Plus de neuf professionnels de la télévision noire sur 10 ont connu des préjugés ou une discrimination, selon une recherche dirigée par l'Université Aston.

Son rapport, Black In Focus, a interrogé 164 professionnels de la télévision à mi-carrière sur leurs expériences dans l'industrie. Quatre-vingt-douze pour cent ont déclaré avoir connu des micro-agressions au travail, comme leur nom étant mal prononcé ou confondu avec un chauffeur de taxi.

Les répondants ont déclaré que les efforts d'entrée de gamme autour de la diversité conduisaient un changement positif, mais beaucoup les considéraient comme «performatifs», car il n'y a pas assez de progrès authentiques aux niveaux de carrière moyen à senior.

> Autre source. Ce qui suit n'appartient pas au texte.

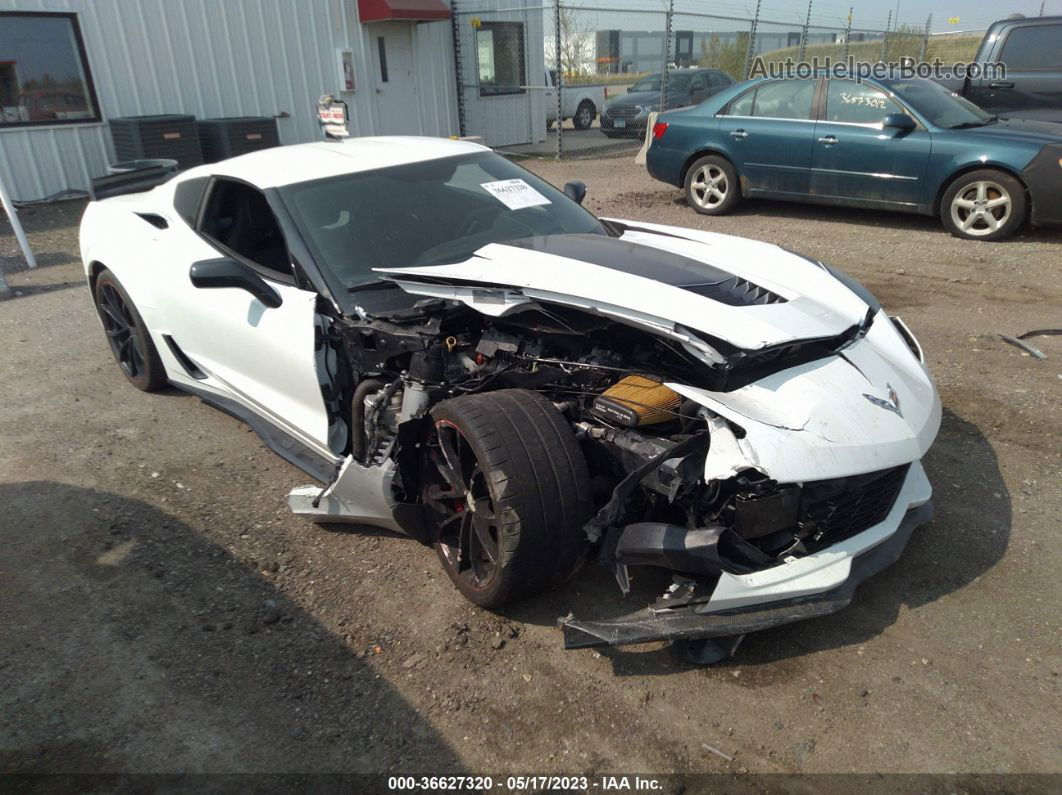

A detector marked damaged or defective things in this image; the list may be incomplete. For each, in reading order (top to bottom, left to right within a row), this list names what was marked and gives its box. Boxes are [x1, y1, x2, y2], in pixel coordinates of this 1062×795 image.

detached front wheel [420, 390, 594, 607]
crashed front end [288, 218, 938, 658]
broken bumper [560, 462, 934, 649]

Huit sur 10 ont déclaré que leur carrière à la télévision avait eu un impact négatif sur leur bien-être et que 74% ont déclaré qu'ils avaient été ignorés ou exclus au travail. Quatre-vingt-onze pour cent n'avaient pas d'amis de la famille dans l'industrie, ce qui signifie qu'ils étaient bloqués par des opportunités que d'autres avec ces liens pourraient avoir.

Beaucoup ont déclaré avoir été étiquetés comme des «embauches de diversité», avec celles du patrimoine noir-caribéen le plus gravement.

Plus de la moitié (53%) ont estimé que la diversité et l'inclusion étaient restées inchangées ou aggravées au cours des 10 dernières années. Ce pourcentage était plus élevé pour les professionnels noirs plus âgés – seulement 28% des plus de 55 ans pensaient que D&I s'était amélioré.

Seulement 34% des femmes professionnelles noires ont trouvé leur lieu de travail inclusif.

L'un d'eux a dit: « Les régimes de diversité ne changent pas beaucoup s'ils ne s'attaquent que le bas de la hiérarchie. Je suis fatigué de voir des coureurs noirs et des assistants aux cadres et aux écrivains blancs; bien qu'il soit bon qu'ils prennent le pied dans la porte, c'est un stéréotype ennuyeux de l'imagination coloniale. »

Les chercheurs ont constaté que les professionnels de la télévision de la classe ouvrière noirs étaient «doublement touchés» par les inégalités de l'industrie. Quarante-trois pour cent des professionnels noirs issus de fond ouvrière ont estimé que le soutien pour eux dans l'industrie était insuffisant.

De nombreux répondants ont estimé que la dépendance du secteur à l'égard des réseaux informels, ou «le club», était un bloqueur. Ils ont décrit une culture de la similitude récompense qui était associée à la classe blanche et à la classe moyenne.

Le groupe de recherche, dirigé par Helen Wood, professeur de médias et d'études culturelles à l'Université Aston, a fait un certain nombre de recommandations d'amélioration.

Pour aider aux goulots d'étranglement de carrière, ils suggèrent de développer un programme national de bourses pour offrir une formation en leadership, un ombrage de travail et une exposition à la mise en service via une base de données centralisée de professionnels noirs.

Ils recommandent que les initiatives de diversité s'éloignent des programmes d'entrée de gamme vers des changements plus structurels, avec des processus clairs et des processus de promotion formalisés. Cela signifie un éloignement du recrutement informel basé sur le réseau.

En outre, les sociétés de télévision devraient établir des politiques de harcèlement de tolérance zéro pour lutter contre le racisme, y compris les mécanismes et sanctions de reporting indépendants, une formation en leadership inclusive et l'offre de ressources de santé mentale spécifiquement pour les professionnels noirs.

Nadia Afiari et Annika Allen Gray, fondatrices de Black Leaders in TV, qui ont soutenu la recherche, a déclaré: «Les résultats indiquent clairement que, pour que la télévision britannique reflète vraiment son public diversifié et déverrouille l'innovation créative, l'industrie doit aller au-delà des efforts de diversité de surface.

«Il doit y avoir un soutien en place pour les professionnels noirs, une plus grande transparence dans le recrutement et la progression et un changement fondamental vers des cultures de travail inclusives et équitables.»